Geen nadere toelichting noodzakelijk
Lid 1 Artikel 4:93 vierde lid van de Algemene wet bestuursrecht bepaalt, dat verrekening niet mogelijk is voor zover beslag op de vordering nietig zou zijn. Concreet houdt dit in, dat bij verrekening in beginsel rekening moet worden gehouden met de beslagvrije voet zoals deze zijn regeling vindt in artikel 475c tot en met 475e van het Wetboek van Burgerlijke Rechtsvordering. Zoals reeds aangegeven geeft de Wet werk en bijstand het college de bevoegdheid om deze bepaling in de eerste drie maanden na oplegging van de boete buiten toepassing te laten. Het college mag dus de openstaande boetevordering (zowel de recidiveboete als een wellicht nog openstaand bedrag in verband met de eerdere boete) in deze eerste drie maanden volledig met een eventueel bijstandsrecht verrekenen.

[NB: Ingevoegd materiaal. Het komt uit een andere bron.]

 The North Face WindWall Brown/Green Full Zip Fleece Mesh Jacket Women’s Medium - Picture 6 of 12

Het college kiest ervoor om van de bevoegdheid tot verrekenen gebruik te maken, echter geen volledige verrekening, maar ter hoogte van 50% voor de duur van drie maanden van de toepasselijke bijstandsnorm. Hiervoor is gekozen, omdat het college de kans op negatieve maatschappelijke consequenties bij volledige verrekening groot acht, zoals een toename van schuldenproblematiek of uithuisplaatsing. Anderzijds, fraude mag niet lonen en daarom is aangehaakt bij de zwaarste maatregel, namelijk 50% van de toepasselijke bijstandsnorm zoals opgenomen in de afstemmingsverordening.

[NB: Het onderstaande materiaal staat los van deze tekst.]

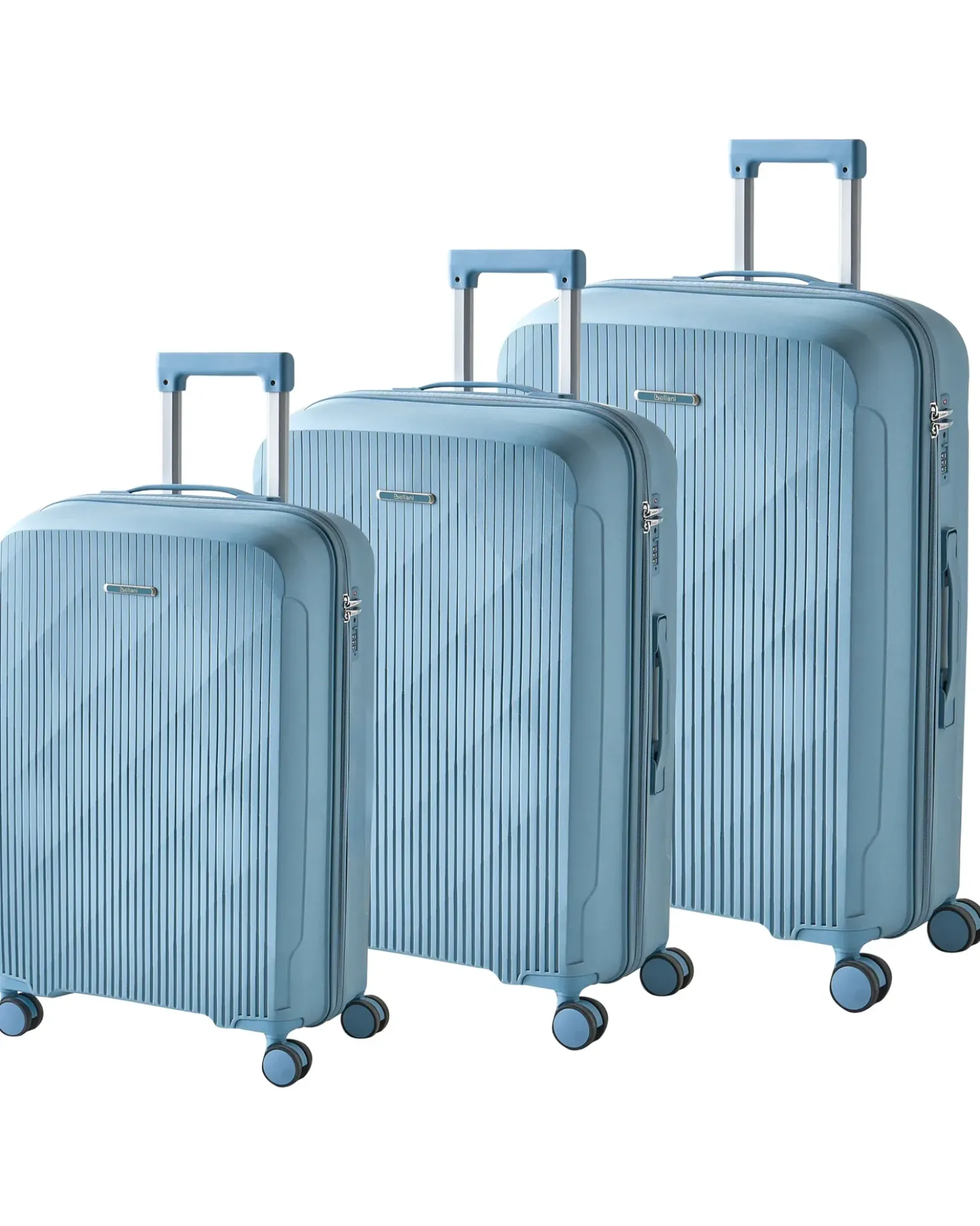 Sæt af 3 hardcase-kufferter TONSAI Blå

Lid 2 Is de recidiveboete opgelegd op het moment dat belanghebbende elders bijstand ontvangt dan is de verrekening van de recidiveboete eveneens 50% van de toepasselijke bijstandsnorm gedurende 3 maanden.
Dit betekent als bijvoorbeeld de recidiveboete opgelegd is door de gemeente Amsterdam en belanghebbende ontvangt inmiddels een uitkering van de gemeente Kerkrade, dan kan de gemeente Amsterdam tot 50% van de toepasselijke bijstandsnorm de recidiveboete verrekenen gedurende 3 maanden.